His solution? Hold steady and keep looking for deals.
“Our advice?… [Pay] little attention to gains or losses of any variety,” Buffett writes in his most recent annual shareholder letter, which he published on February 23, 2019.
Buffett is considered one of the most experienced investors around, having amassed a net worth of nearly $87 billion. His annual letter is a much-anticipated event, which investors pay attention to for indications about market trends and for guidance regarding what to do with their money.
Here are some highlights from the letter and annual report.
Berkshire Hathaway’s annual report: The highlights
- Berkshire Hathaway earned $4 billion in 2018.
- The company lost $25 billion in the fourth quarter of 2018, due to stock market volatility.
- Roughly $3 billion of Berkshire’s fourth-quarter losses were related to its stake in the ketchup and mayonnaise maker Kraft-Heinz. Kraft posted large losses in the fourth quarter of 2018, due to a reduction in the value of its Kraft and Oscar-Meyer businesses, as well as a Securities and Exchange Commission (SEC) probe into its accounting practices, according to reports.
- The company used its savings from the 2017 tax cuts to repurchase $418 billion of its own shares. Generally speaking, that tax cut reduced the U.S. corporate tax rate to about 21%, about half the previous rate, saving businesses money.
Good to know: When a company repurchases its own shares, it reduces the number of shares that are available for investors to buy in the market. A stock repurchase, or buyback, tends to drive up the price of a company’s stock, because there are fewer shares.
- Buffett said he and business partner Charlie Munger, the company’s vice chairman, are on the hunt for an “elephant sized” acquisition—meaning that Berkshire is seeking to purchase a very large company. In addition to owning outright companies such as Duracell and Fruit of the Loom, Berkshire owns sizable stakes in many other U.S. corporations, including American Express, Apple, Coca Cola, and Wells Fargo.

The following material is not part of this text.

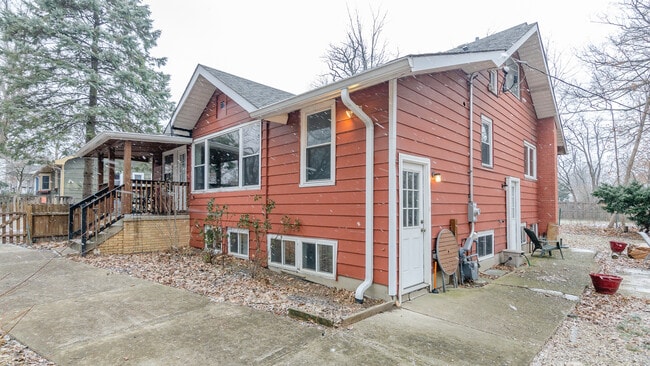 Building Photo - 2575 Waukegan Ave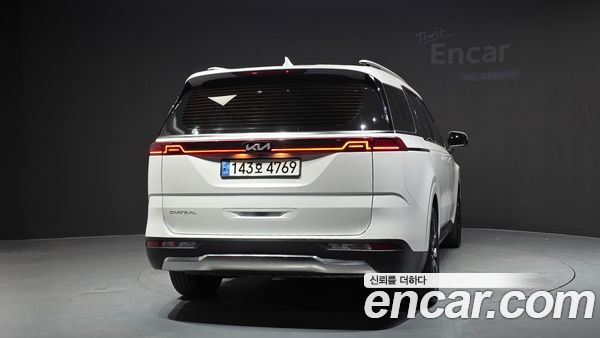 Kia Carnival 2023, фото 4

More About Warren Buffett, the Oracle of Omaha
Buffett is known as the Oracle of Omaha because Berkshire Hathaway is headquartered in Omaha, Nebraska and because he has made smart stock picks over a nearly 60-year career. He built Berkshire Hathaway from a small cloth mill and manufacturer in New England, to a multi-billion dollar enterprise whose market value has increased 2.4 million percent since the 1960s, according to the company’s most recent annual letter.